The most memorable moments — Richard Nixon's sweaty face (1960), Ford's gaffe on Eastern Europe (1976), Michael Dukakis' reaction to the hypothetical rape and murder of his wife (1988), George H.W. Bush's ill-timed glance at his wristwatch (1992) — were all mistakes.
Just four years ago, Obama debated John McCain three times, but hardly anyone remembers a word. The reason? Neither candidate made a serious mistake.
Obama's principal mission Wednesday night is to repeat that kind of error-free performance and protect his lead in the polls. A workmanlike run-through of his positions will suit the Obama campaign fine; no fireworks necessary. Obama's not immune from gaffes; in New Hampshire in 2008, he did himself damage by coldly assuring Hillary Rodham Clinton that she was "likable enough."
Romney, on the other hand, needs to throw the president off his stride. That means an aggressive attack on Obama's shortfalls: the economy's anemic growth, the persistence of 8% unemployment, the repeated failure to achieve a bipartisan budget deal with Congress.

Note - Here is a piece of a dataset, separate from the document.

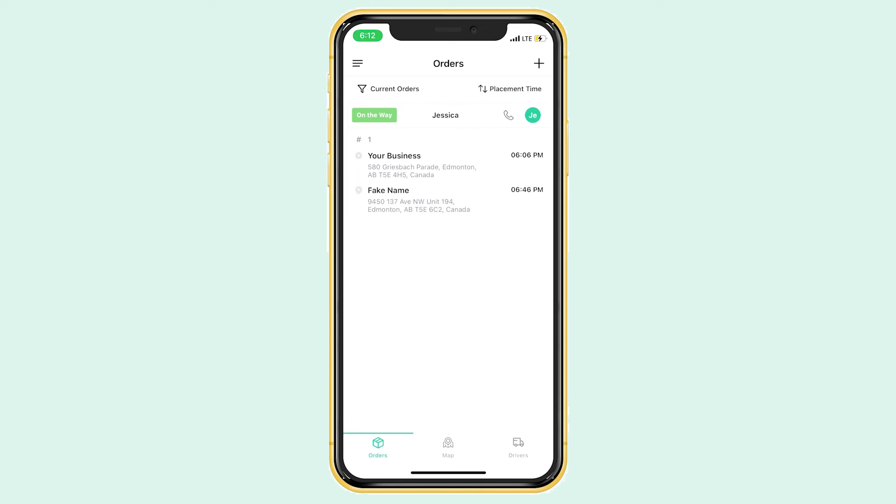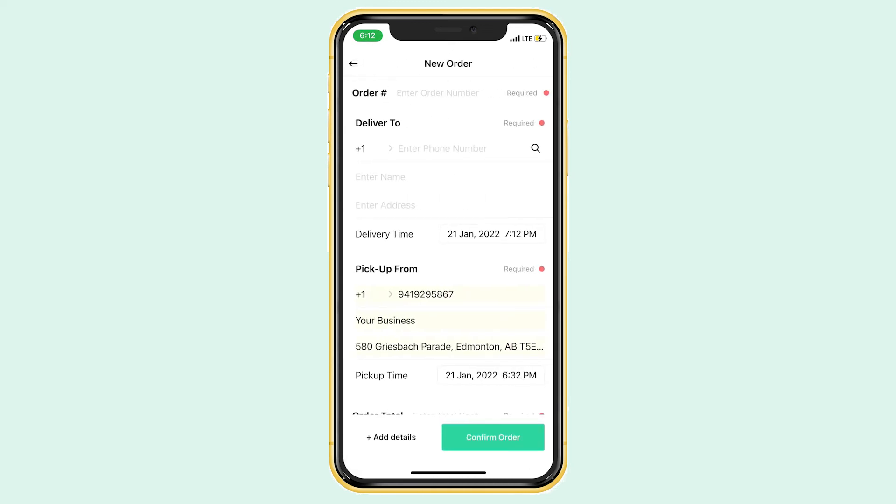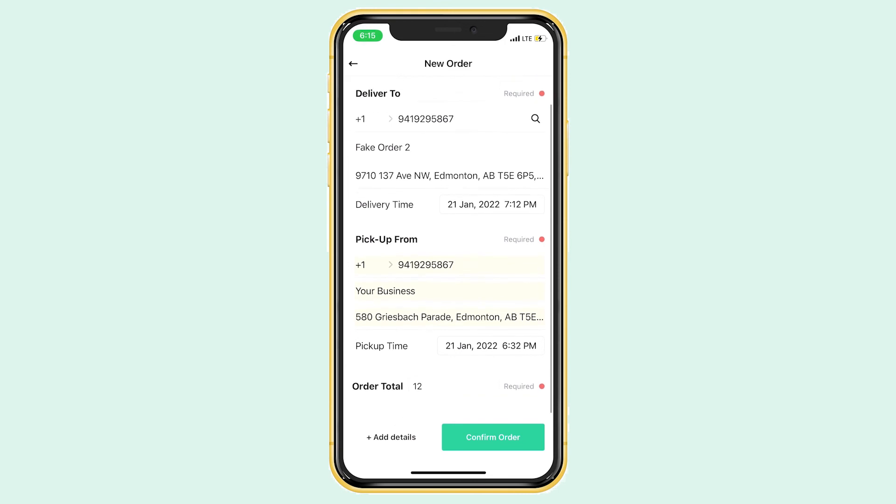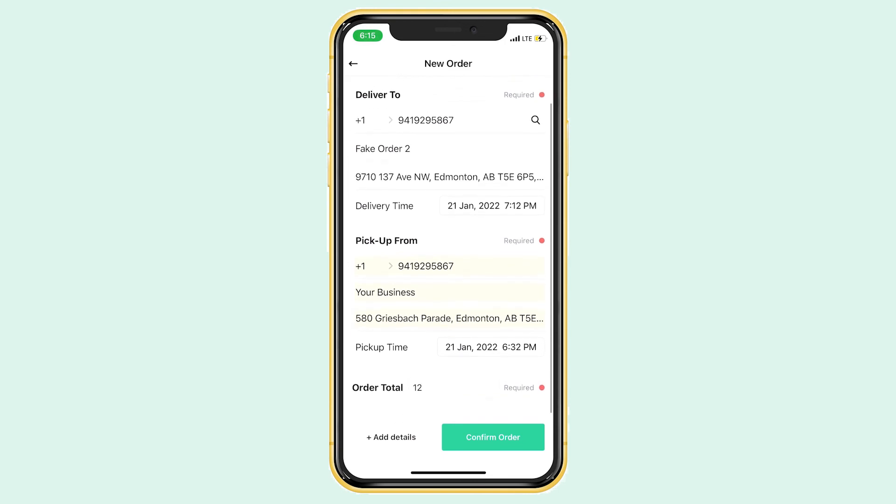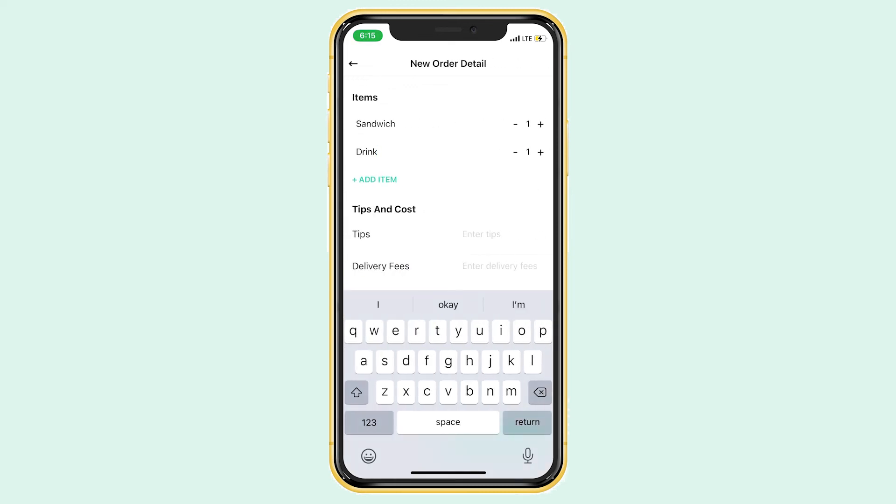Just go to the plus sign on the top right. It will give you the same information to fill out: an order number, your business's info, your customer's info, and the order total. If you want to add those extra order details, like what the customer actually ordered, you can click add details and another box will pop up for you to fill out.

Romney isn't shy about attacking opponents. He was efficient and brutal in primary debates against former House Speaker Newt Gingrich and Texas Gov. Rick Perry (although Perry helped mightily by forgetting his own positions). That will be the easy part.
The more difficult job, for Romney, is finding a way to alter voters' impression that he's uninterested in the travails of common folk — "a plutocrat married to a known equestrian," in the quip of former Mississippi Gov. Haley Barbour, a fellow Republican.
So expect to hear plenty of compassion from a newly moderated Mitt, the New-and-Improved Romney who has been trying to make himself heard over the past month — ever since the appearance of that disastrous videotape expressing his disdain for the 47%.
The New Romney hasn't actually changed any of his positions; that would brand him as a flip-flopper, a mortal sin this late in a campaign. But he has begun describing his positions in ways that might appeal to swing voters, instead of only the confirmed conservatives he focused on before. On taxes, for example, he now emphasizes that he doesn't want new tax breaks for high-income earners, only a tax cut for middle-income families. On healthcare, after demanding the repeal of "Obamacare," Romney now says he'd keep the most popular parts of the law, although only for people who already have insurance.
It would be nice to think Wednesday's debate will deliver a candid, detailed discussion of big issues. I'd love to hear some specifics about how Romney and Obama think they can make the next four years in Washington more productive than the last four, how they would try to forge bipartisan agreements in a Congress that will likely to be just as divided as before.
That would require each candidate to take a risk or two, and so far, they've both been cautious; neither has said anything that would offend his own party's base. But this may be one of Romney's last chances to change the direction of the race. If he wants to do that, he'll need to make this debate interesting.